[Short descriptive text snippets]
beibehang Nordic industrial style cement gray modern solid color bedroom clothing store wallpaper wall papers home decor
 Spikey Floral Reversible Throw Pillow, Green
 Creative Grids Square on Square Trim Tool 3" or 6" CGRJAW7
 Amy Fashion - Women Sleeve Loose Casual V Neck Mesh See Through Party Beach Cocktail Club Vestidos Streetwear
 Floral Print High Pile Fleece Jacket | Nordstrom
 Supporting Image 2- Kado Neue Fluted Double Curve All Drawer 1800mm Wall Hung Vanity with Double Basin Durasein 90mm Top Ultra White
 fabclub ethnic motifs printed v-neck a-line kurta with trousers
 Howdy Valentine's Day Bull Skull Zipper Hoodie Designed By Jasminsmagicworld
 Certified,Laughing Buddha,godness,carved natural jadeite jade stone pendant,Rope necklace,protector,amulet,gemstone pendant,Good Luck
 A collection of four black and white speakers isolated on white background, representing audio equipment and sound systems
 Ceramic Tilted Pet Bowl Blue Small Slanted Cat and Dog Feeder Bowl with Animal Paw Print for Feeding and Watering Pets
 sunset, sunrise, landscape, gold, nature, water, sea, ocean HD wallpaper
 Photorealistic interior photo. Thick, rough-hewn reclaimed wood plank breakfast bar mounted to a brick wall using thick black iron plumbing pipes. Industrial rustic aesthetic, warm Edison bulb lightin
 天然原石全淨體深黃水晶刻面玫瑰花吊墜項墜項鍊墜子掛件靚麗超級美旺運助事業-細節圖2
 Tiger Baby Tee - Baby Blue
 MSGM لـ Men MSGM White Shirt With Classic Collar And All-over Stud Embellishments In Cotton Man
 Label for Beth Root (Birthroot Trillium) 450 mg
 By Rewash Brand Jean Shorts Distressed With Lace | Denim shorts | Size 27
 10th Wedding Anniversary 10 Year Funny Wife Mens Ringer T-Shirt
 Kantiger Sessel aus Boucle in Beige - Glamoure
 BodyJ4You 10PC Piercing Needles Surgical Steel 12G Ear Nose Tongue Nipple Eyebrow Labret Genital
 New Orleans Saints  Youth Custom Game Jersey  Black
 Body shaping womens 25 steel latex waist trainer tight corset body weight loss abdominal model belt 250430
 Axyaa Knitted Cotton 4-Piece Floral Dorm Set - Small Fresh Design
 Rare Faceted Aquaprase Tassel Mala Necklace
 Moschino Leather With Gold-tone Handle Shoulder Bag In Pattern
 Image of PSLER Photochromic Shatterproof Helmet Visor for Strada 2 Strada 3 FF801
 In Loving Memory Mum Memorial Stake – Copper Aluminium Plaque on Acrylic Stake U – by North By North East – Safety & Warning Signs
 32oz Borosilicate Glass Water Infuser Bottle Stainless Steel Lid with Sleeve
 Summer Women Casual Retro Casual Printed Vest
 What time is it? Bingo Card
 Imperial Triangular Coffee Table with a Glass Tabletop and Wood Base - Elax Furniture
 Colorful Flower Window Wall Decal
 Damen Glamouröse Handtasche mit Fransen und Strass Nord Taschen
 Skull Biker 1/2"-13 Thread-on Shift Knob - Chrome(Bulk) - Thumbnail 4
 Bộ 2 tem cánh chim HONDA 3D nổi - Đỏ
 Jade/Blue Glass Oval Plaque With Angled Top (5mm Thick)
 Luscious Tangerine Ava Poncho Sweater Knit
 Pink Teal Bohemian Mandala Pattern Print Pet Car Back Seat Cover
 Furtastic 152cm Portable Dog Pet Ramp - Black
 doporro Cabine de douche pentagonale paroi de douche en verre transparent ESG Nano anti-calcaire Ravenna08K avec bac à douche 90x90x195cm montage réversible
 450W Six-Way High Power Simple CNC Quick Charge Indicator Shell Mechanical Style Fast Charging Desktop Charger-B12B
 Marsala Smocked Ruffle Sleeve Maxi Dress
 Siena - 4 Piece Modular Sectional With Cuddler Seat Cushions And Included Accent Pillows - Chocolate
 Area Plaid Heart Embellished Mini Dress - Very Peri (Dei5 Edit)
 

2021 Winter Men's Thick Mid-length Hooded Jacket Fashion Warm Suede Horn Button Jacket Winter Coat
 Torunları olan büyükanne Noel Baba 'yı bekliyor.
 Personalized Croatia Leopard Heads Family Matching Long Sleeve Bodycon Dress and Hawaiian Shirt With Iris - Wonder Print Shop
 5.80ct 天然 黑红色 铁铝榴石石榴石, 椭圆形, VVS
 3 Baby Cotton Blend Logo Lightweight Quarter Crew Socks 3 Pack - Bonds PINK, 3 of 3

Task:
All that is needed is the opening run of the data, given again exactly: please include every line from the first through the line with "Kantiger Sessel aus", both ends kept.

Response area:
beibehang Nordic industrial style cement gray modern solid color bedroom clothing store wallpaper wall papers home decor
 Spikey Floral Reversible Throw Pillow, Green
 Creative Grids Square on Square Trim Tool 3" or 6" CGRJAW7
 Amy Fashion - Women Sleeve Loose Casual V Neck Mesh See Through Party Beach Cocktail Club Vestidos Streetwear
 Floral Print High Pile Fleece Jacket | Nordstrom
 Supporting Image 2- Kado Neue Fluted Double Curve All Drawer 1800mm Wall Hung Vanity with Double Basin Durasein 90mm Top Ultra White
 fabclub ethnic motifs printed v-neck a-line kurta with trousers
 Howdy Valentine's Day Bull Skull Zipper Hoodie Designed By Jasminsmagicworld
 Certified,Laughing Buddha,godness,carved natural jadeite jade stone pendant,Rope necklace,protector,amulet,gemstone pendant,Good Luck
 A collection of four black and white speakers isolated on white background, representing audio equipment and sound systems
 Ceramic Tilted Pet Bowl Blue Small Slanted Cat and Dog Feeder Bowl with Animal Paw Print for Feeding and Watering Pets
 sunset, sunrise, landscape, gold, nature, water, sea, ocean HD wallpaper
 Photorealistic interior photo. Thick, rough-hewn reclaimed wood plank breakfast bar mounted to a brick wall using thick black iron plumbing pipes. Industrial rustic aesthetic, warm Edison bulb lightin
 天然原石全淨體深黃水晶刻面玫瑰花吊墜項墜項鍊墜子掛件靚麗超級美旺運助事業-細節圖2
 Tiger Baby Tee - Baby Blue
 MSGM لـ Men MSGM White Shirt With Classic Collar And All-over Stud Embellishments In Cotton Man
 Label for Beth Root (Birthroot Trillium) 450 mg
 By Rewash Brand Jean Shorts Distressed With Lace | Denim shorts | Size 27
 10th Wedding Anniversary 10 Year Funny Wife Mens Ringer T-Shirt
 Kantiger Sessel aus Boucle in Beige - Glamoure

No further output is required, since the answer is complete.